- _Stored dataset items_
■ ■ ■ ■
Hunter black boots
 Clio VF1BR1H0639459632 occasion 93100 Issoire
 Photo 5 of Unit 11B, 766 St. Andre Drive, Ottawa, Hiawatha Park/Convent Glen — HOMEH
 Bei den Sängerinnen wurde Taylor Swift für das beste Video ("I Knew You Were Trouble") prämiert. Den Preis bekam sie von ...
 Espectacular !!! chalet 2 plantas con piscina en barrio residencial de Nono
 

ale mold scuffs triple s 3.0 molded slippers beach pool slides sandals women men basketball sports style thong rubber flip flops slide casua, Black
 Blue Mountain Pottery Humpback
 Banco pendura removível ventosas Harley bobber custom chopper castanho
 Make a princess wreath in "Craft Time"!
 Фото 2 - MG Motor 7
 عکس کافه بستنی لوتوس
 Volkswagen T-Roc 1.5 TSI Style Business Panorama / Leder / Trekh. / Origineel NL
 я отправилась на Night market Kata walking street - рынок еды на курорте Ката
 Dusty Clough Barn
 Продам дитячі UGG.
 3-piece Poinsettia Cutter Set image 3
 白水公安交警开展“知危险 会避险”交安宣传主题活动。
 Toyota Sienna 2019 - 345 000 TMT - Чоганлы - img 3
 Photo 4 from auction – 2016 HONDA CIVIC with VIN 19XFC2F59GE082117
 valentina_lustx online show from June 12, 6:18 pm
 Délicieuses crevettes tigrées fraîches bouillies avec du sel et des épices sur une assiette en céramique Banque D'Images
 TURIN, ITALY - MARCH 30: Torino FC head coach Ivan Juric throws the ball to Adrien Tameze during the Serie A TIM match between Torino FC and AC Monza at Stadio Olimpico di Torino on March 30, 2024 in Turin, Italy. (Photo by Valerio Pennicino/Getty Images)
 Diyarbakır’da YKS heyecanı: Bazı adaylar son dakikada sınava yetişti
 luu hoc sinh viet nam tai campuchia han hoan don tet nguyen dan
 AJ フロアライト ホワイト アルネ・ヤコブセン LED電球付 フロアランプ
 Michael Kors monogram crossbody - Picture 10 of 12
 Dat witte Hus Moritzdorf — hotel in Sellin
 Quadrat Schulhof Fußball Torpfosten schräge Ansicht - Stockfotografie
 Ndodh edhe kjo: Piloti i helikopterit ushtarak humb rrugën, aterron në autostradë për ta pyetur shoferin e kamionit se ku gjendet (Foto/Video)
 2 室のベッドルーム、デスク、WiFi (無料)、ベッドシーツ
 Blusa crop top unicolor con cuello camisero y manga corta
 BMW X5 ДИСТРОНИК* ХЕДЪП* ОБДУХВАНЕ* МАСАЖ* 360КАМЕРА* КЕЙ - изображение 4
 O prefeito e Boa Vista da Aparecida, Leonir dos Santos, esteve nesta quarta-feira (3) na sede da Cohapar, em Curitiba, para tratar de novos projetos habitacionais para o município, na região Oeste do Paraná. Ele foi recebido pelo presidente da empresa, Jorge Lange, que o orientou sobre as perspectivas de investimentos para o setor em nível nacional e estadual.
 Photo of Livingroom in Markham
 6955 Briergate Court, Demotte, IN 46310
■ ■ ■ ■
- _About this exercise_
Go through the entries above and count the lines containing the string "from". Give only that number.

- _Answer to the exercise_
2